As ações foram designadas pela Juíza Titular da Vara, Andréa Teixeira, e operacionalizadas pelos servidores da Diretoria de Primeiro Grau (DPG). Nos dois casos, as sentenças foram condenatórias. Um réu foi sentenciado a 40 anos e 9 meses de reclusão pelo assassinato de uma adolescente grávida. O outro foi condenado a 23 anos e 9 meses pelo homicídio de um homem durante o Carnaval de 2006.
O Projeto TJBA Mais Júri foi instituído em janeiro de 2025 por meio do Decreto Judiciário nº 52/2025, assinado pela Presidente do Tribunal de Justiça da Bahia (TJBA), Desembargadora Cynthia Maria Pina Resende. A ação integra o Programa Bahia pela Paz, do Governo do Estado, e estabelece como meta para o ano a realização de mil júris populares.
Réu condenado por homicídio qualificado de adolescente grávida
O primeiro julgamento ocorreu na terça-feira (18/03/2025), no Fórum Criminal de Salvador, situado no bairro da Sussuarana. O réu foi condenado por homicídio qualificado, com as qualificadoras de motivo torpe e meio que dificultou a defesa da vítima, além do crime de aborto sem consentimento da gestante.
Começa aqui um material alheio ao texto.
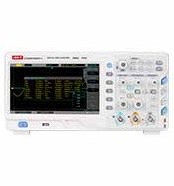 UNI-T UTD2072CEX-II Digital Storage Oscilloscope 8 Inch TFT LCD / Dual channel / 70MHz Bandwidth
De acordo com a denúncia, o crime ocorreu durante a madrugada. O réu, acompanhado de comparsas, invadiu a residência da vítima para assassinar o companheiro da jovem, que conseguiu fugir. No local, os autores atacaram a adolescente de 15 anos, grávida de oito meses, espancando-a e efetuando um disparo de arma de fogo na região abdominal.
A vítima foi socorrida e submetida a uma cesariana de emergência, mas o bebê não resistiu devido ao sofrimento fetal. A adolescente também não sobreviveu, após alguns dias internada. Segundo o Juiz Gabriel Veiga, o crime não foi tipificado como feminicídio porque, em 2016, data dos fatos, essa qualificadora ainda não estava prevista na legislação. A motivação do crime foi uma disputa entre facções criminosas ligadas ao tráfico de drogas.
Homicídio no Carnaval de 2006 resulta em condenação após quase duas décadas
O segundo julgamento foi realizado na quinta-feira (20/03/2025), também sob a condução do Juiz Gabriel Iglesias Veiga. O réu foi condenado a 23 anos e 9 meses de reclusão pelo assassinato de um homem durante o Carnaval de 2006. A sessão começou às 8h30 e se encerrou às 19h, após quase 12 horas de júri.
O crime aconteceu nas proximidades da Barra, em Salvador, durante um arrastão. A vítima retornava da festa acompanhada de familiares, amigos e da namorada, quando foi surpreendida em um ponto de ônibus e esfaqueada. O homem não resistiu aos ferimentos e morreu. O réu não foi preso em flagrante e permaneceu foragido por anos, sendo localizado posteriormente e levado a julgamento.